Worksheet – Class 9 Economics
Chapter 12: Why Prices Change (Demand and Supply)
Section A – Very Short Answer (1 mark each)
- What mainly determines prices in a market?
- What happens to price when demand increases?
- What happens to price when supply increases?
- Define demand.
- Define supply.
- State the law of demand.
- State the law of supply.
- What is quantity demanded?
- What is quantity supplied?
- What is market equilibrium?
Section B – Short Answer Questions (2–3 marks each)
- Explain any two factors affecting demand.
- What are price signals for producers?
- What are price signals for consumers?
- Define demand curve and its shape.
- Define supply curve and its shape.
- What is shift in demand?
- What is shift in supply?
- What is surplus?
- What is shortage?
- What are externalities?
Section C – Long Answer Questions (4–5 marks each)
- Explain why prices change in a market.
- Describe the law of demand with example.

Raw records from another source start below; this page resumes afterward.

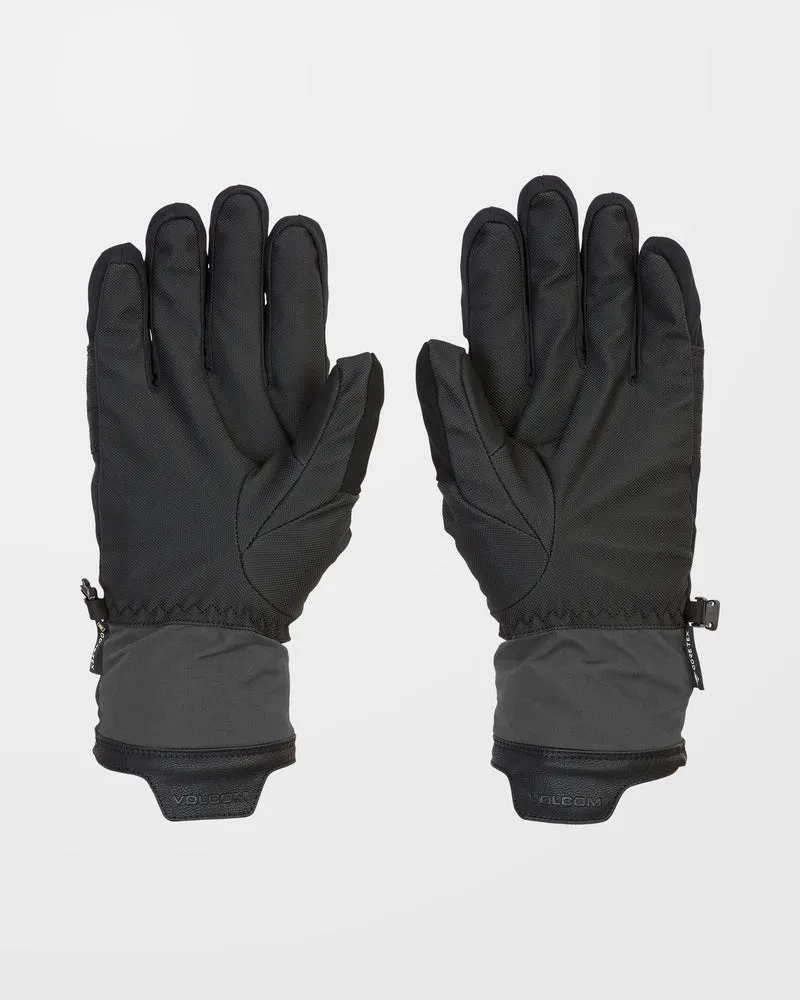 Cp2 Gore-Tex Handschuh - Dark Grey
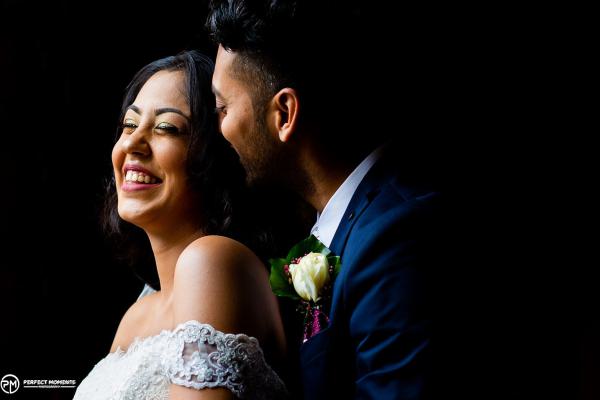 Hindoestaanse bruiloft in Rotterdam – Drie dagen vol traditie en kleur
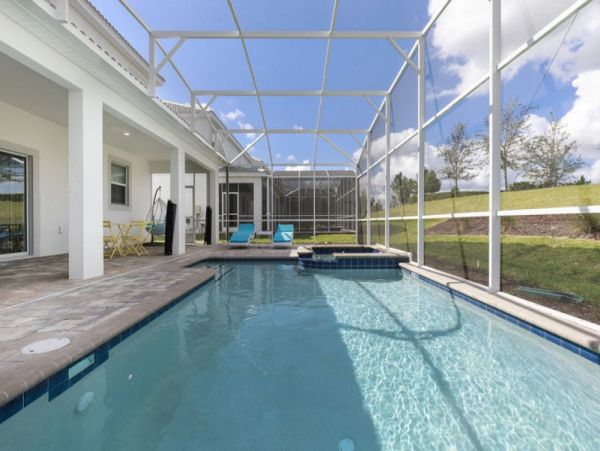Orlando Home 951194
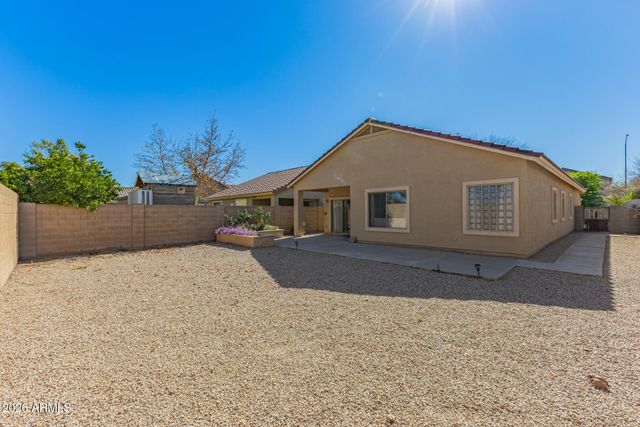 10144 E KNOWLES Avenue, Mesa, AZ 85209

- Explain the law of supply with example.
- Explain market equilibrium with diagram (optional).
- Explain the concept of price controls and their effects.
Section D – Case-Based Questions
Case Study 1: Demand and Price Change
In a city, the demand for electric scooters suddenly increased due to rising petrol prices. Many people preferred electric vehicles to save fuel costs. As demand increased, the price of electric scooters also went up. Companies started increasing production to earn more profit. After some time, supply increased and prices stabilized.
Questions:
a) What happened to demand in this case?
b) Why did prices increase?
c) What happened when supply increased?
Case Study 2: Supply and Natural Factors
Due to heavy floods, crop production decreased in a region. Farmers could not supply enough vegetables to the market. As a result, prices of vegetables increased sharply. Consumers had to pay more for daily food items. Some people reduced consumption or shifted to alternatives.
Questions:
a) What happened to supply?
b) Why did prices rise?
c) How did consumers react?
Case Study 3: Price Ceiling and Shortage
The government fixed a low price for essential food items to help poor people. As a result, demand increased but sellers were not willing to supply more at low prices. This created shortage in the market. People had to stand in long queues. Some goods were sold illegally at higher prices in black markets.
Questions:
a) What is a price ceiling?
b) Why did shortage occur?
c) What is a black market?
Section E – Assertion & Reason (3 marks each)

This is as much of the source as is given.